La serratura senza chiave

di Evgenij Permjak  

Questa favola iniziò ad essere narrata tanto-tantissimo tempo fa, ma ancor adesso, dopo secoli e secoli, sino ai giorni nostri, non cessa ancora di essere raccontata. Così continua a vivere sulla Terra, come una casa senza tetto, come una pelliccia senza collo, come un gallo senza voce.

Tanti cercarono di farla dimenticare, d’impedire che fosse narrata – un nonno del nonno, una trisavola della trisavola, un saggio canuto, un rosso astuto – ma nessuno riuscì a farlo. Neanche io mi azzardo ad assumermi questa incombenza. A chi serve, la finisca pure, se ci riesce. A me tocca soltanto di cominciare…

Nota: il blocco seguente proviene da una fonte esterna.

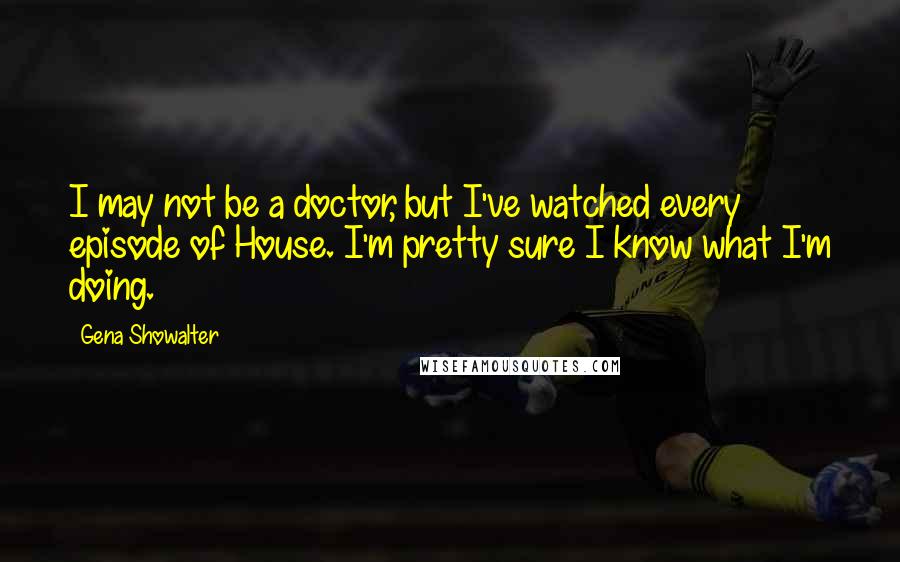 Gena Showalter Quotes: I may not be a doctor, but I've watched every episode of House. I'm pretty sure I know what I'm doing.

C’era una volta un uomo dall’animo allegro e chiassoso, aveva un lungo soprannome “Rumore Strillanovič Vantaev”. Lo chiamarono così, perché senza dire «io, io, io», quel tale non riusciva a pronunciare neppure una frase. Ogni discorso che faceva, ogni parola che gli usciva dalla bocca, non risparmiava agli ascoltatori il suo: io, io, io. Cominciava il discorso con l’elogio di se stesso, finiva col vantare se stesso.

Qualsiasi iniziativa prendesse la gente del circondario, Vantaev era sempre pronto a strillare e fare rumore attorno a sé, più di tutti gli altri. Per esempio, la gente pensava di bonificare un terreno paludoso o di dissodare terre mai dissodate, o scavare un pozzo d’ispezione per i minerali fossili e Vantaev, senza essere invitato, era già lì ad agitarsi e strillare: «Gente! Fratelli! Cari! Io sono capace di far muovere le montagne! Io so far cambiare il corso dei fiumi! Io, io, io posso tutto!»

Tacevano gli uomini e pensavano tra sé e sé, nel frattempo: “prima ti saggeremo, vedremo e solo dopo ti giudicheremo dai frutti del tuo lavoro!”